The Korea Herald/ANN
North Korea requested setting up a dialogue partnership with the Association of Southeast Asian Nations (ASEAN), but the regional bloc has rejected the invitation because of the tense security situation on the Korean Peninsula, a Malaysian diplomat familiar with the matter said.
"The Democratic People's Republic of Korea [DRPK] requested it, [but] as of now I don't think it is being considered," Shahafeez Shaharis, director at the Malaysian Ministry of Foreign Affairs' ASEAN-Malaysia secretariat, told a group of South Korean journalists visiting the country on an exchange program, according to Yonhap, as reported by The Korea Herald.
"They have to meet requirements [for partnership]. Under the current situation, it's going to be quite challenging for ASEAN to consider [the request]. I don't think it's an issue to be considered," the official said, highlighting that "We are focusing more on the situation in the peninsula to decrease."
His comments reflect the level of condemnation the global community, including ASEAN, has expressed over North Korea's recent series of military provocations such as the two nuclear tests in January and September.
"We are very concerned about the violations of resolutions by the DPRK," Shaharis said, referring to North Korea by its official name. "We, ASEAN, condemn and we share and express our concern."

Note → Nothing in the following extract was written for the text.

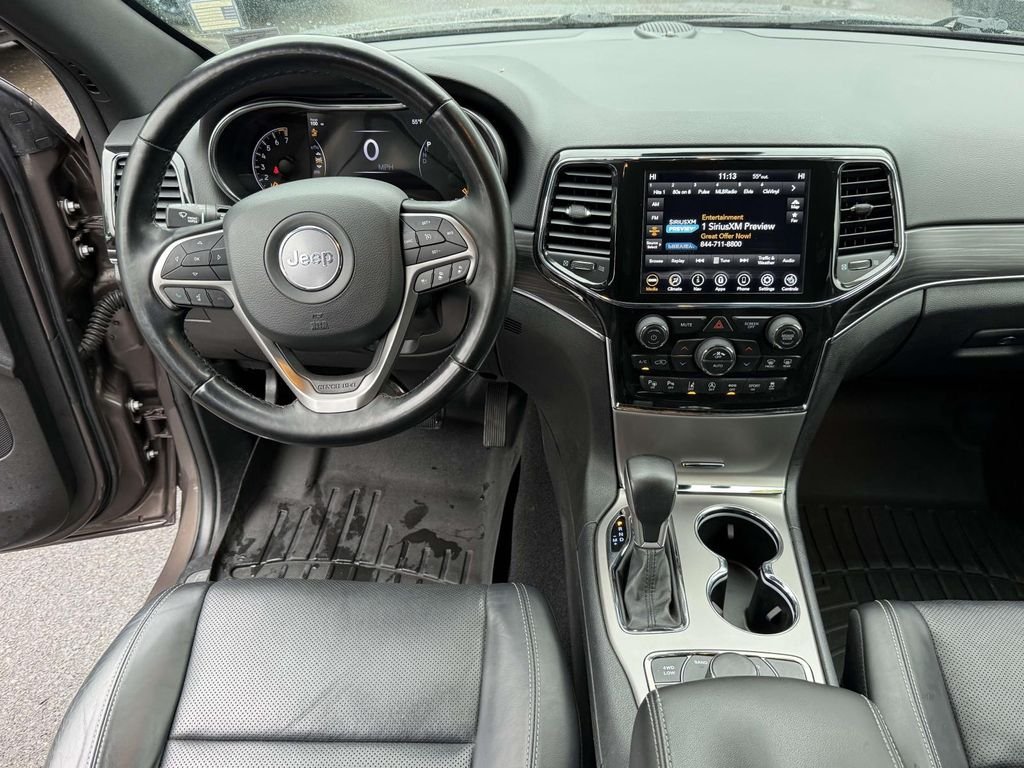 Used 2021 Brown Jeep Limited image 17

The regional group of 10 Southeast Asian countries holds regular dialogue with South Korea, China and Japan in the form of ASEAN Plus Three. Currently, North Korea's engagement with ASEAN is limited to the ASEAN Regional Forum (ARF), a multilateral dialogue involving 27 Asia Pacific countries.
The Malaysian diplomat also underlined ASEAN's focus on more engagement and dialogue in dealing with North Korea's nuclear issues.
"What we'd like to see is the situation on the Korean Peninsula not to stay as what it is now. We'd like to have more and more engagement, discussions and dialogue between all participants," he said. "We want North Korea to come back to the six-party talks and to [move] away from the confrontational diplomacy.
"The ARF is currently the only mechanism that has the participation of North Korea. Even though at the moment, it's very minimal... [but] this is an opportunity to engage and discuss the issue and come to an amicable solution," the Malaysian official added.